# [PROBLEM REQUIREMENTS]
The required result is an exact copy of every line from the one with "Welcome to Grand" through the last line below, with the pictures left out.

# [RECORDS SUPPLIED]
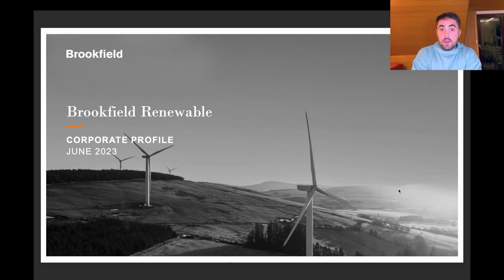Hey guys and welcome to this brand new video. Today we'll talk about Brookfield Renewable Partners again. I've talked about that stock twice, now it's a third time, and the reason for that is because they had an investor day recently and I wanted to give you a quick update about what's new, what happened with the company, and whether it's a buy, hold, or sell right now.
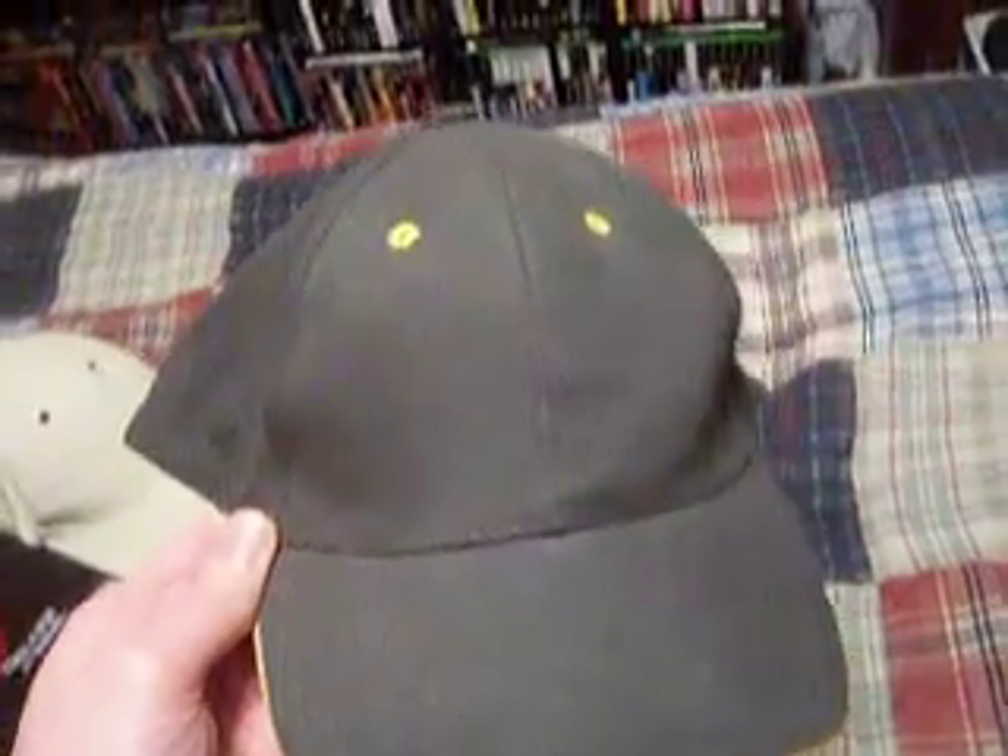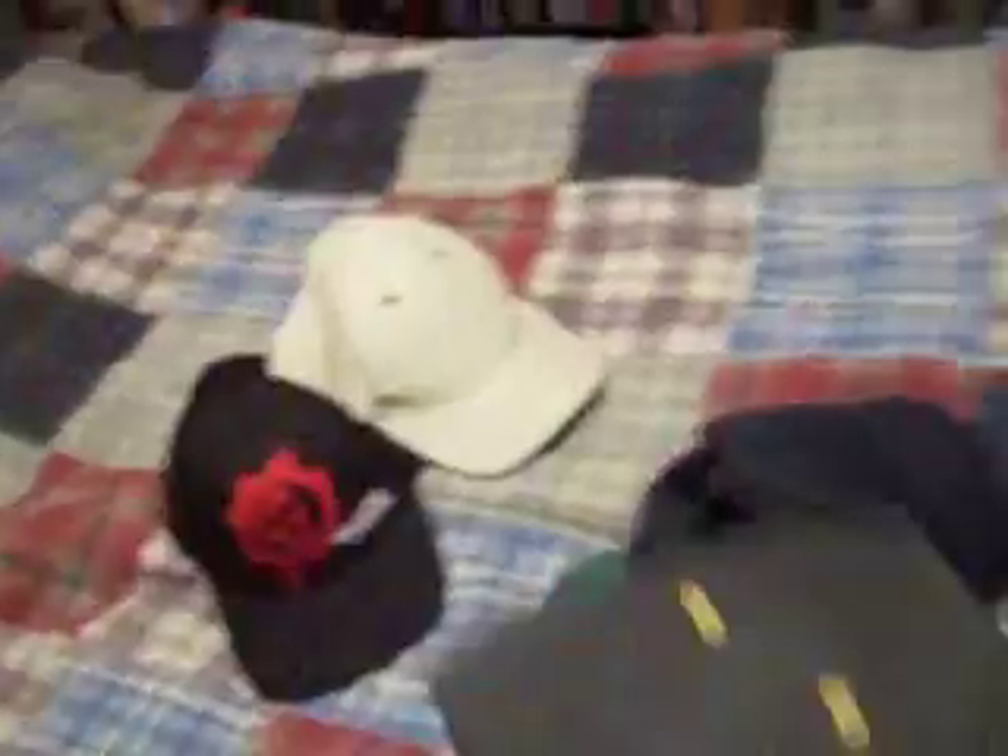This is another plain looking hat. I think I got this one for $2 at Walgreens. Not my favorite hat, but it fits good.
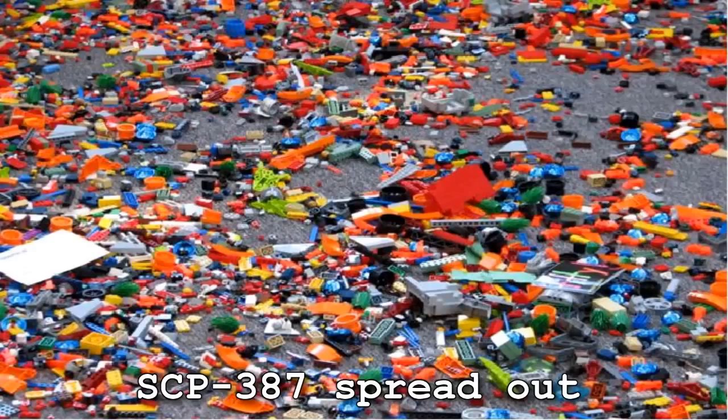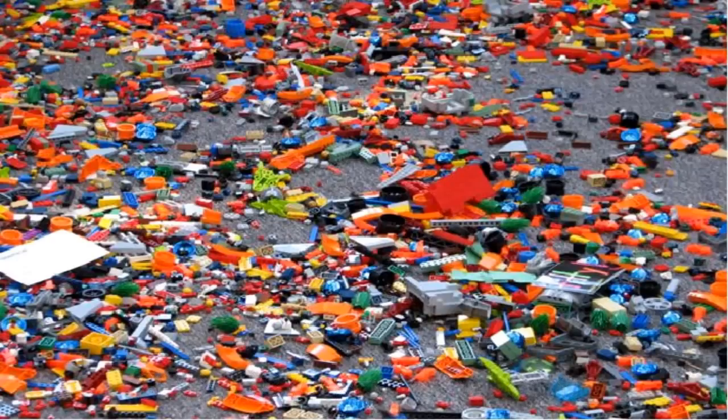The red tube in which SCP-387 is contained does not possess any unusual properties itself, as has been determined through testing, but SCP-387 will not duplicate itself unless at least a layer of it covers the bottom of the aforementioned container. A sheet is available for those wishing to utilize SCP-387, and access will be revoked if it is not properly restored.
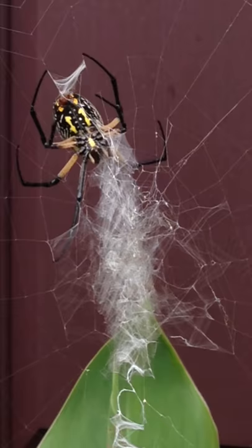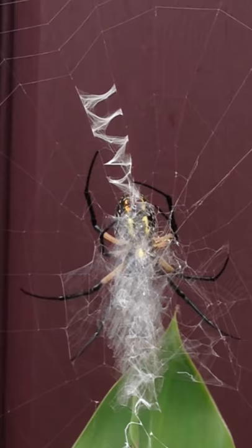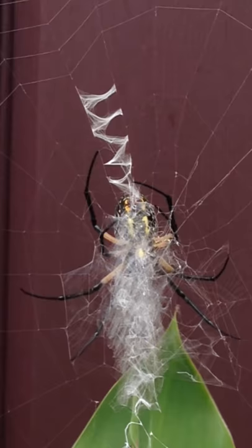The golden orb spider is sometimes called a zipper spider, and it's amazing how she changes her silk from a single strand to almost a cloud — multiple strands — and she's making the zipper right down the middle of her web.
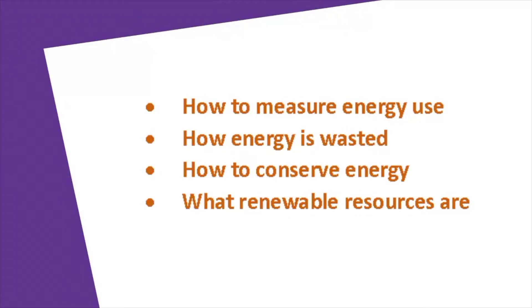You might recognize some of these characters from shows we've performed at your school in the past. And later on in the show, you'll be introduced to more characters from Space Station Conservation. During the show, you're going to see a few scenes, and there are four things we are going to teach you: how to measure energy use, how energy is wasted, how to conserve energy, and what renewable resources are. After watching these scenes, you should be ready to be a certified energy saver astronaut yourself.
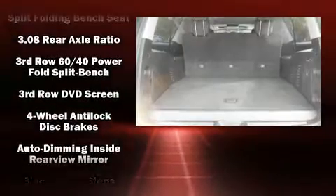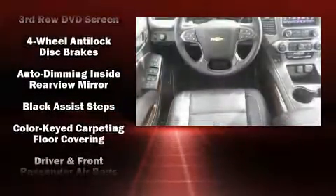Premium sound drives nine speakers, providing you and your passengers a sensational audio experience.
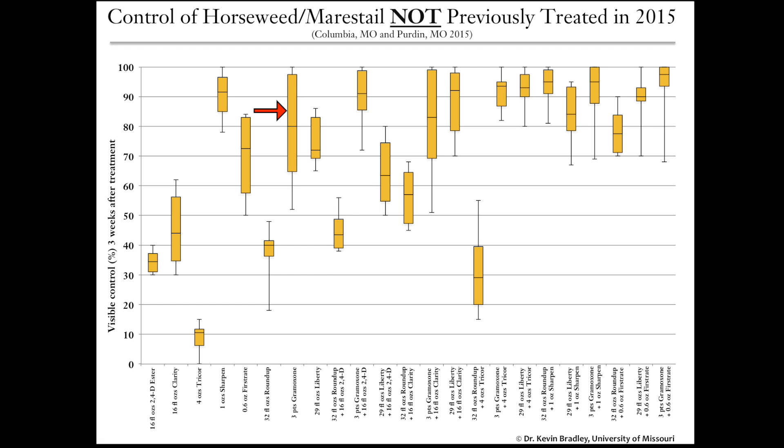I would not recommend gramoxone alone — it is extremely variable and needs something with it. We had all these combinations: Liberty, Roundup, and gramoxone as the base treatments, and we sprayed those with either sharpen, 2,4-D, dicamba, or first rate — all the things you might consider as options for mare's tail.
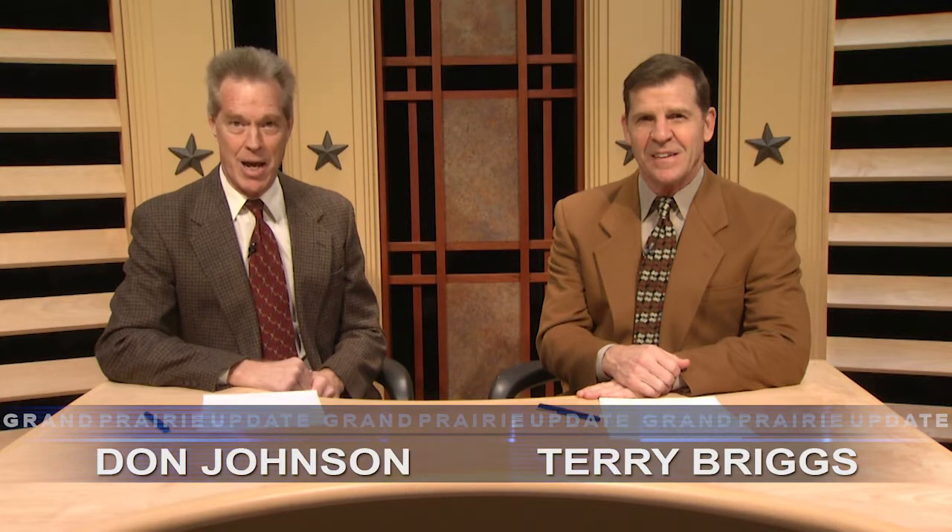Welcome to Grand Prairie Update. I'm Don Johnson. And I'm Terry Briggs. Here's what's making news in your city.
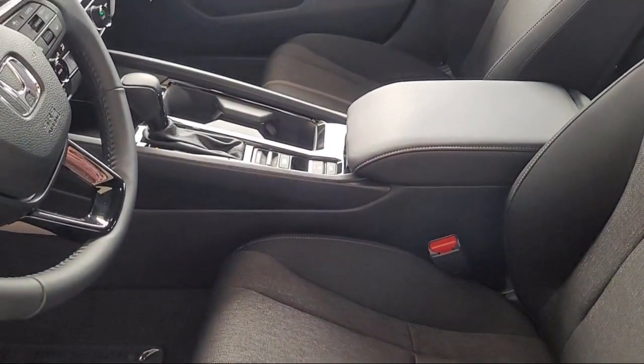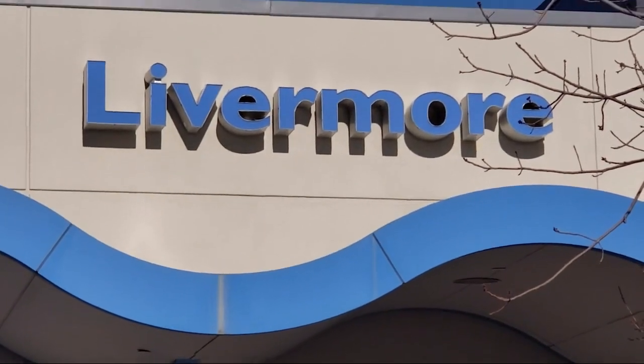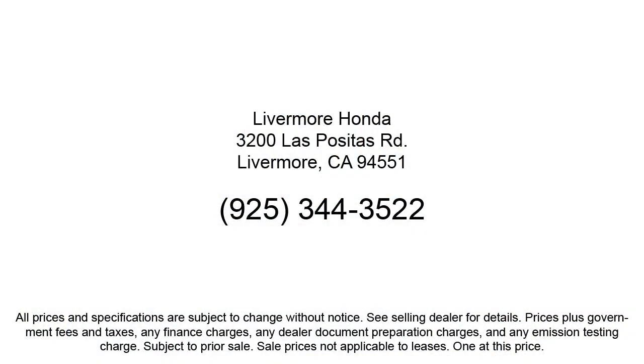Our customers are the lifeblood of our business, so we go the extra mile to make sure that every guest has the best possible shopping experience. Give us a call or stop by Livermore Honda today.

# [ANSWER BELOW]
Welcome to Grand Prairie Update. I'm Don Johnson. And I'm Terry Briggs. Here's what's making news in your city.
Our customers are the lifeblood of our business, so we go the extra mile to make sure that every guest has the best possible shopping experience. Give us a call or stop by Livermore Honda today.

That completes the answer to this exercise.